[Libguestfs] libnbd: When are callbacks freed

Eric Blake eblake at redhat.com
Thu Jul 13 18:37:21 UTC 2023


On Thu, Jul 13, 2023 at 04:18:03PM +0000, Tage Johansson wrote:
> 
> > > So is there any safe way to get some description of the error from a
> > > completion callback apart from a non-zero number? It isn't too
> > > helpful to report to the user that the read operation faild with -1.
> > As I recall, from the callback, no.
> > 
> > The error is not lost however, it will be returned by the API call
> > itself.  eg. If you're in nbd_aio_opt_list -> callback (error) then
> > nbd_aio_opt_list will return -1 and at that point you can use
> > nbd_get_error to report the error.
> 
> 
> I don't understand. If I call `nbd_aio_opt_list()` with a completion
> callback. `nbd_aio_opt_list()` will return immediately, maybe with a
> successful result.
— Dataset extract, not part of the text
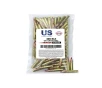 US Cartridge 300 Blackout 130 Gr M62 Tracer  100 Rounds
But the command is not complete until
> `nbd_aio_is_connecting()` returns `false`, so the completion callback may be
> invoked with an error after `nbd_aio_opt_list()` has returned.

When you call nbd_aio_opt_list(), here are several possible scenarios
that can[*] happen (not exhaustive, but should be a good starting
point for thinking about it):

1. pre-transmission early failure
- call nbd_aio_opt_list
  - early failure detected, nothing queued to send to server
  - call list_callback.free if provided
  - call completion_callback.free if provided
  - nbd_aio_opt_list returns -1
- nbd_aio_is_negotiating is unchanged (the early failure did not
  change the state, .callbacks were not invoked, and .free is done
  before aio)

2. command succeeds after blocking
- nbd_aio_is_negotiating is true (otherwise we were in scenario 1)
- call nbd_aio_opt_list
  - no early failure detected, command is queued via nbd_internal_run()
    - state machine changes to connecting instead of negotiating
    - advance through states to send the request, hit EAGAIN waiting to
      read the server's reply
    - nbd_internal_run returns 0
  - nbd_aio_opt_list returns 0
- nbd_aio_is_negotiating is false, you must manually move the state
  machine along once you have data (by nbd_aio_poll,
  nbd_aio_notify_read, ...)
  - state machine reaches server responses
  - list_callback.callback called if server's reply includes a name
  - state machine gets to end of server's message
  - call completion_callback.callback if provided, with error 0
  - state set back to negotiating
  - call list_callback.free (if provided)
  - call completion_callback.free (if provided)
  - nbd_aio_poll/nbd_aio_notify_write/... returns 0
- nbd_aio_is_negotiating is true again (callbacks reached after the aio
  call completed)

3. server failure not detected until after blocking
- nbd_aio_is_negotiating is true (otherwise we were in scenario 1)
- call nbd_aio_opt_list
  - no early failure detected, command is queued via nbd_internal_run()
    - state machine changes to connecting instead of negotiating
    - advance through states to send the request, hit EAGAIN waiting to
      read the server's reply
    - nbd_internal_run returns 0
  - nbd_aio_opt_list returns 0
- nbd_aio_is_negotiating is false, you must manually move the state
  machine along once you have data (by nbd_aio_poll,
  nbd_aio_notify_read, ...)
  - state machine reaches server responses
  - list_callback.callback called if server's reply includes a name
  - state machine gets to end of server's message
  - call completion_callback.callback if provided, with error reported
    by the server
  - state set back to negotiating
  - call list_callback.free (if provided)
  - call completion_callback.free (if provided)
  - nbd_aio_poll/nbd_aio_notify_write/... returns 0
- nbd_aio_is_negotiating is true again (you had to use a completion
  callback to know about the server failure)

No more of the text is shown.